While the Freshwater Place residents who protested against the approved Queensbridge Tower at 1-15 Queensbridge Street have lost their battle, they have gone some way to changing the rules for future concerned residents.

Late last year The City of Melbourne acknowledged the timeline and process of the council’s involvement in the planning application for structures over the 25,000 square metre threshold needed to be reviewed.

All planning permits over 25,000 square metres are still sent directly to the Minister for Planning, but the council admits the Queensbridge Tower approval has forced it to reconsider its action for these proposals.

Councillor Stephen Mayne told Southbank Local News the council is reviewing its entire planning process.

"We are having a broader look at our planning process. No-one is happy with the Freshwater Place situation.
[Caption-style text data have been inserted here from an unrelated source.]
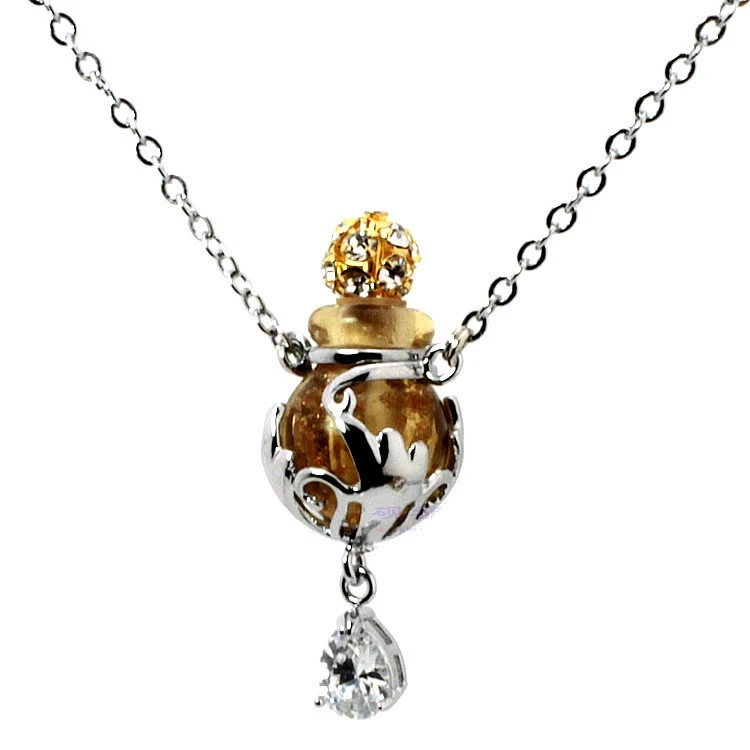 Simple And Fashionable Glass Essential Oil Bottle Necklace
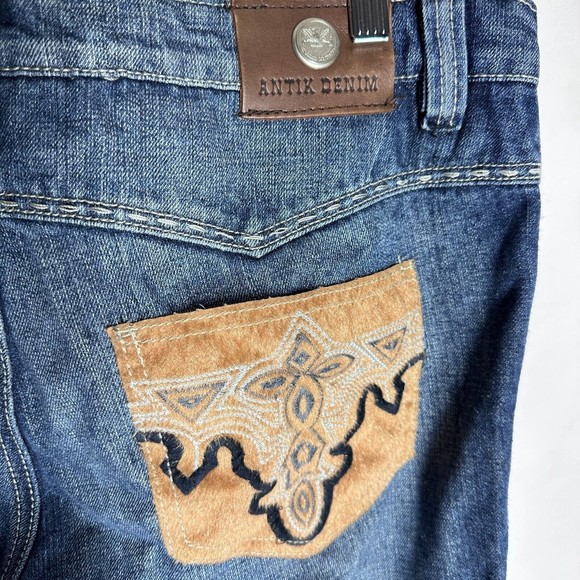 Antik Womens Denim Y2K Mid-Rise Blue Distress Patchwork  Cow Girl Jeans Size 32 - Picture 8 of 10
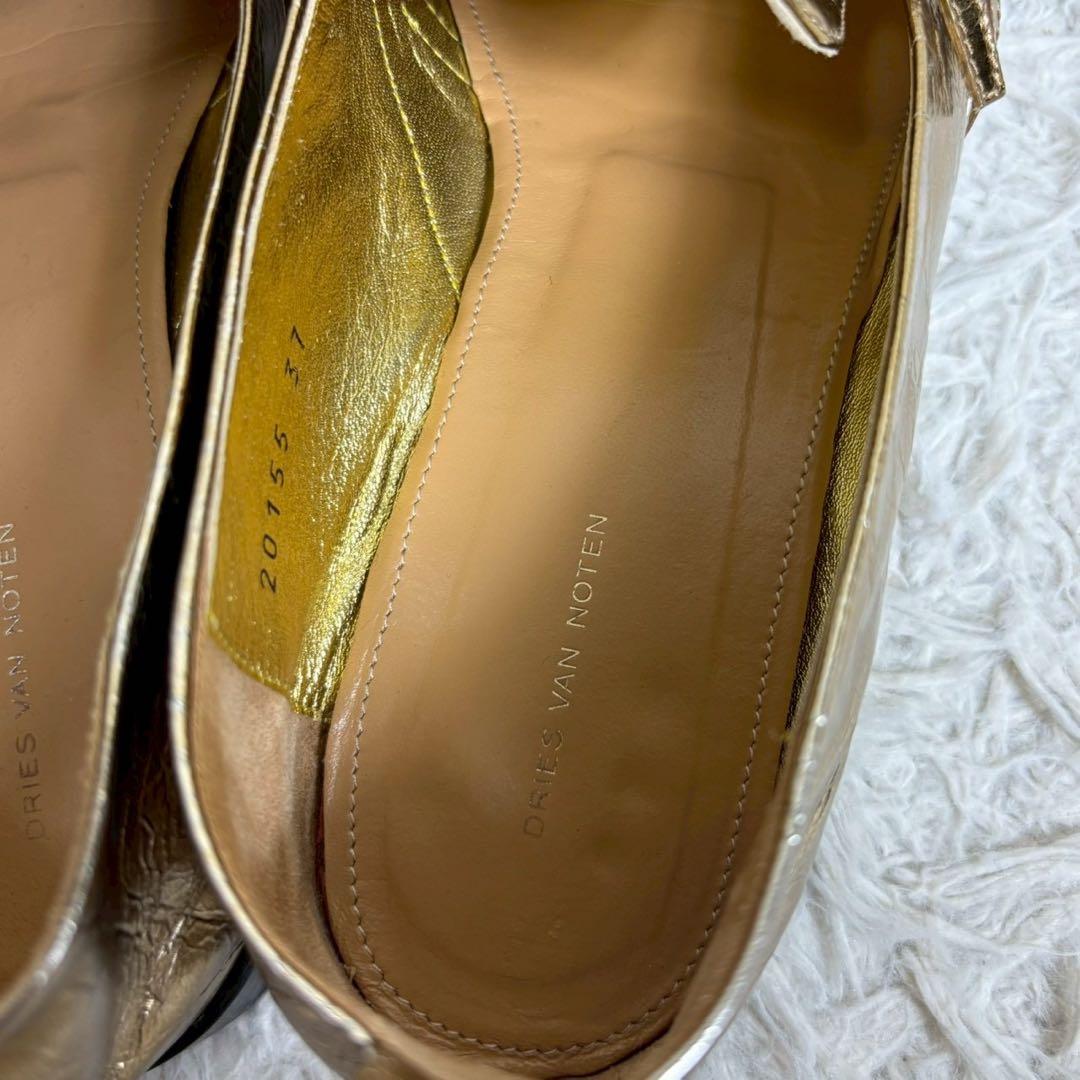 DRIES VAN NOTEN ゴールド レザー ローファー　シューズ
Because the council doesn't have the power, we need to increase transparency of our roles in the process," Cr Mayne said.

He went on to say that the council would look at a different options, such as publishing its thoughts online.

Queensbridge Tower has been the most controversial planning approval the city has seen. I'm very sympathetic to the residents of Freshwater Place and their plight," Cr Mayne said.

"If we had our time again, council would have been more vocal."

Freshwater Place Owners Corporation chairman Peter Renner said the residents had had some small wins with the council, including ensuring that proposed developments were assessed by all councillors before council’s recommendation was made to the Department of Planning and Community Development (DPCD).

He also said he had met with a number of councillors who had expressed sympathy and support for the residents during these processes.

“We are somewhat heartened that the council is reviewing its process,” Mr Renner said.

Mr Renner was cautious not to overstate the progress, as he believes the residents are still without the basic right of input into planning matters, given that the DPCD has the final say.

“We are still dismayed by the State Government's continued lack of residential rights for buildings over 25,000 squared metres (the threshold for planning permits to be sent directly to the DPCD), which is most developments that are proposed in Southbank."

A spokesperson from the DPCD said it had opportunities for residents to air their concerns and encouraged them to do so.

"This is the case despite planning permit applications within the Capital City Zone being exempt from notification and review. It is important that residents raise issues and concerns about the planning and development of the area."